“De que lhe vale cantar? Soltar os acordes ao vento para te ver despertar/Simplesmente cantarolar”. No meio do Parque Municipal Américo Renné Gianetti, na Região Central de Belo Horizonte, ecoavam ontem os versos dessa irresistível melodia da banda de rua Faca Amolada, conduzida pelo pai, o músico Chico Bread e seus dois filhos, Isadora e Emanuel Rocha, de 20 e 18 anos. “Vim andando por todo o parque até encontrar de onde vinha essa música simplesmente perfeita. Vocês estão de parabéns”, elogiava, realmente impressionado com a qualidade do som, o auxiliar-administrativo de Uberlândia Nildo Nunes, de 25. Ele aproveitou para tirar uma foto com a banda, com a intenção de guardar para a posteridade.
Nildo não é o primeiro a se encantar com a qualidade do som do Faca Amolada, que há cinco anos se apresenta nas calçadas, parques e praças da capital. Por onde passa, vem atraindo centenas fãs informais, que já acompanham a programação de shows por meio da página da banda de rua no Facebook. “No domingo passado, começamos a nos apresentar bem aqui”, conta Chico Bread, apontando para o chão de paralelepípedos na entrada do parque. “De repente, quando olhamos à nossa volta, havia umas mil pessoas assistindo ao nosso show”, completa o pai, inveterado finalista dos famosos festivais de música nas décadas de 1960 e 1970.
Para quem souber ouvir, o palco da rua pode oferecer surpresas encantadoras, como o encontro com esses artistas que ainda não foram descobertos pela indústria fonográfica do país nem tampouco tiveram a chancela de um padrinho renomado. “Se hoje somos um pouco mais conhecidos é porque fomos tocar para o público das ruas. Nem precisamos mais passar o chapéu. Quando terminamos de montar os instrumentos, geralmente as pessoas já fizeram suas doações”, sorri a jovem com voz de rouxinol Isadora Rocha, que estuda canto desde os 6 anos e ganhou duas bolsas para estudar música pela Fundação de Cultura Artística.
“Enquanto não gravamos um CD, continuamos inéditos”, brinca Chico Bread, já vacinado contra propostas fantasiosas, que no passado acabaram se revelando golpe. No estilo genuinamente hippie, o pai se revela decepcionado com o que ele chama de falta de sensibilidade e maldade do capitalismo. “Chegamos ao universo da música como uma faca afiada, cortando todas as amarras e preconceitos.
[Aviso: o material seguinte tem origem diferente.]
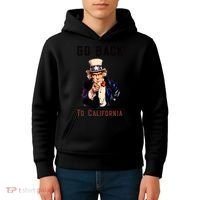 Funny Go Back To California Conservative Kids Hoodie thumb 4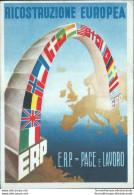 Cf645 Cartolina  Erp Ricostruzione Europea Pace E Lavoro - Reclame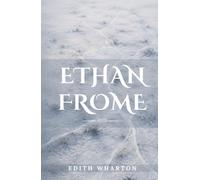Ethan Frome: (Annotated)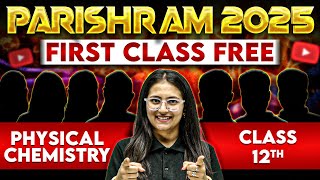 First Class of PHYSICAL CHEMISTRY by Bharti Maam  PARISHRAM Batch  Class 12th Science 🔥 [upl. by Atineb420]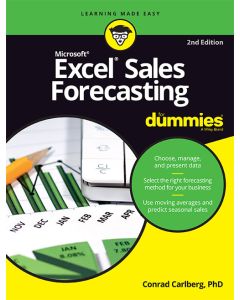 Microsoft Excel Sales Forecasting For Dummies, 2ed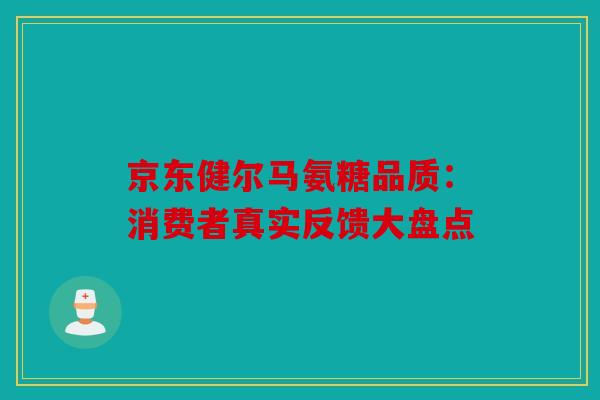 京东健尔马氨糖品质：消费者真实反馈大盘点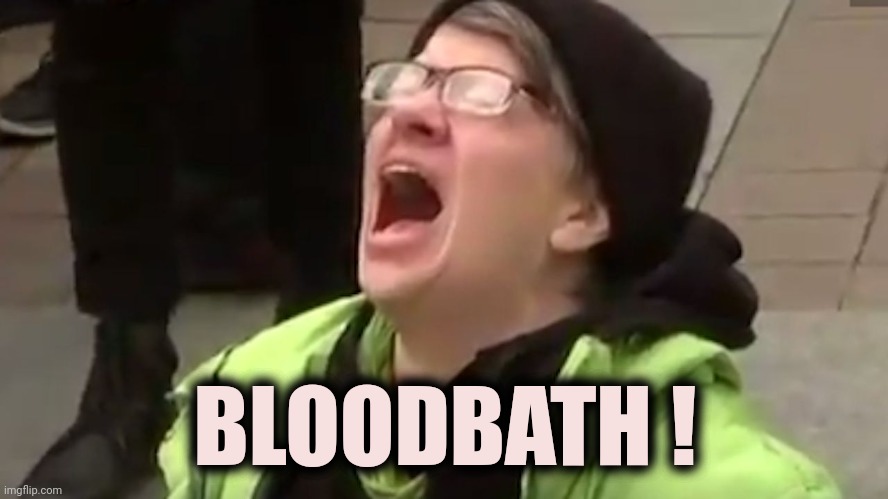 Screaming Liberal  | BLOODBATH ! | image tagged in screaming liberal | made w/ Imgflip meme maker
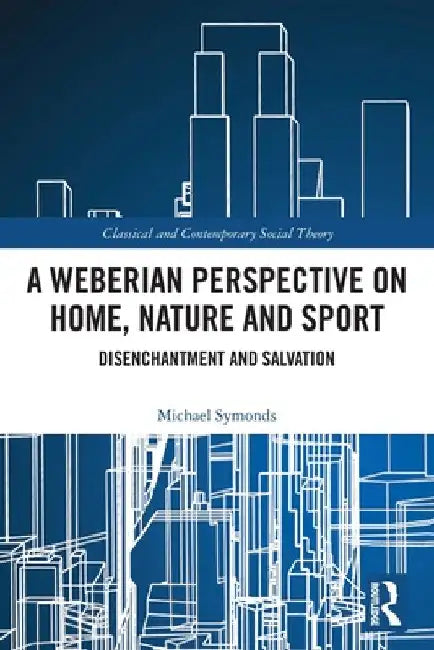 A Weberian Perspective on Home, Nature and Sport: Disenchantment and Salvation by Michael Symonds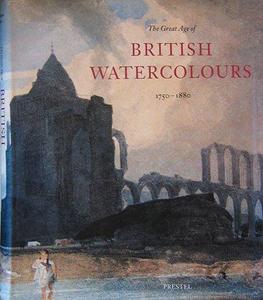 The great age of British watercolours, 1750-1880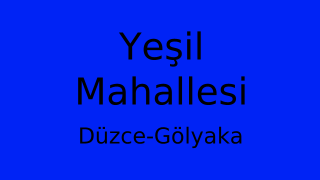 Yeşil Mahallesi Thumbnail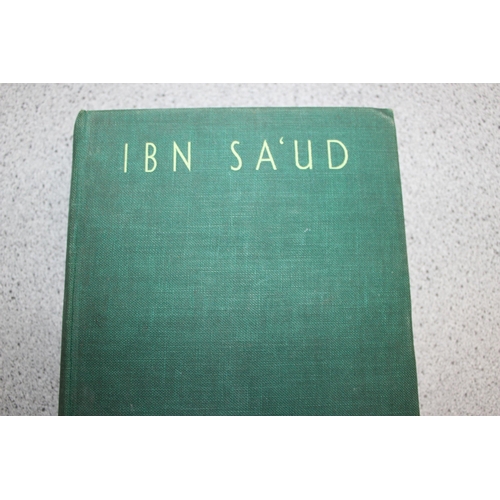 586 - Kenneth Williams 1933 1st edition of 'Ibn Sa'ud the Puritan King of Arabia'.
Produção “Eles são essencialmente uma família de artistas, que tem músicas maravilhosas e ao mesmo tempo muita dificuldade de se organizar”, explica a produtora baiana Viviane da Silva Santos, que há três meses se comprometeu a fazer um trabalho específico de divulgação da banda pela internet e inscrição em festivais e concursos culturais. “Se Deus quiser, ainda vamos gravar um CD este ano, até dezembro. Isso se não houver uma reviravolta antes e sair mais rápido”, aposta a produtora, que se inscreveu no edital para gravar um demo a partir do Descentra Cultura, programa da Fundação Municipal de Cultura.
Com suas melodias “sincopadas”, Chico Bread, o autor das músicas tocadas, iniciou sua carreira nos anos 1960. Participou de diversos festivais de música em Minas Gerais e já tocou em teatros e universidades nos estados de São Paulo e Rio de Janeiro. Após um tempo imerso em outras atividades que o distanciaram da música, há cinco anos retornou a Belo Horizonte, reiniciando sua carreira artística, inicialmente solo.
Além do trabalho autoral, a banda toca e canta um repertório de música popular brasileira com muita originalidade e competência.
“Meu coração é vermelho, vive cercado de montanhas/Veredas, esquinas, ruas e catedrais”, cantarolam pai e filha, um completando a letra esquecida pelo outro. “Sou o HD externo do meu pai”, explica Isadora, abraçada ao irmão. Mais introspectivo, Emanuel pega rapidamente o ritmo da dupla.